REQUIREMENT: The material below contains a line with "spice and vegetable foods background vector" and a line with "Женские босоножки; Новая". Copy exactly those two lines and all lines between them.

BEGIN SOURCE MATERIAL

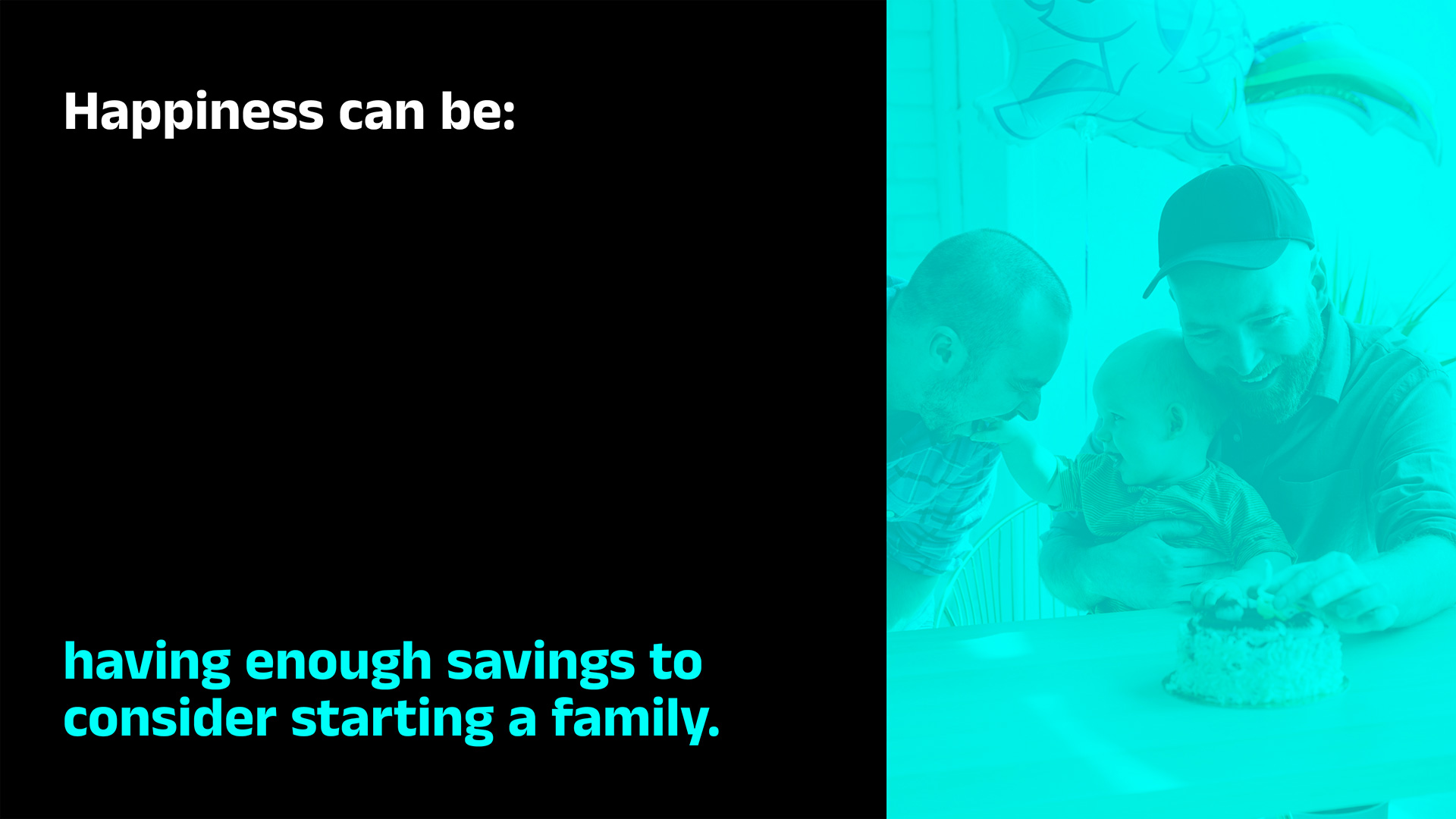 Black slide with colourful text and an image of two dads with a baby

END SOURCE MATERIAL
BEGIN SOURCE MATERIAL

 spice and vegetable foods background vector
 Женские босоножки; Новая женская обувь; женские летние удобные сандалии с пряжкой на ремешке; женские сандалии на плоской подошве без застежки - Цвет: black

END SOURCE MATERIAL
BEGIN SOURCE MATERIAL

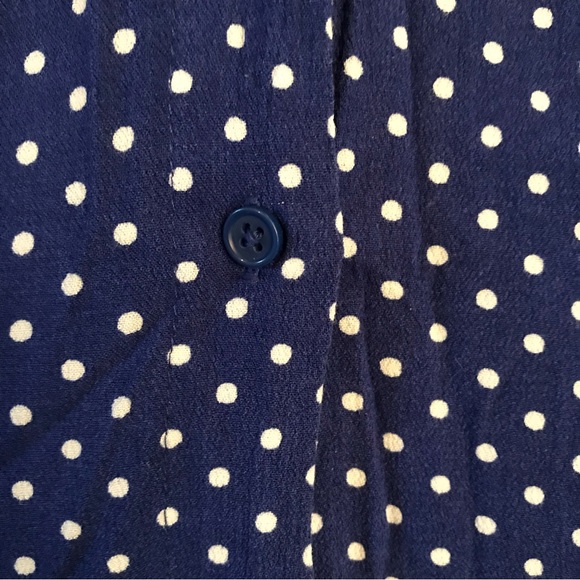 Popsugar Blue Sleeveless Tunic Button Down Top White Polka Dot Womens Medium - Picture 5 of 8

END SOURCE MATERIAL

ANSWER SPACE:
 spice and vegetable foods background vector
 Женские босоножки; Новая женская обувь; женские летние удобные сандалии с пряжкой на ремешке; женские сандалии на плоской подошве без застежки - Цвет: black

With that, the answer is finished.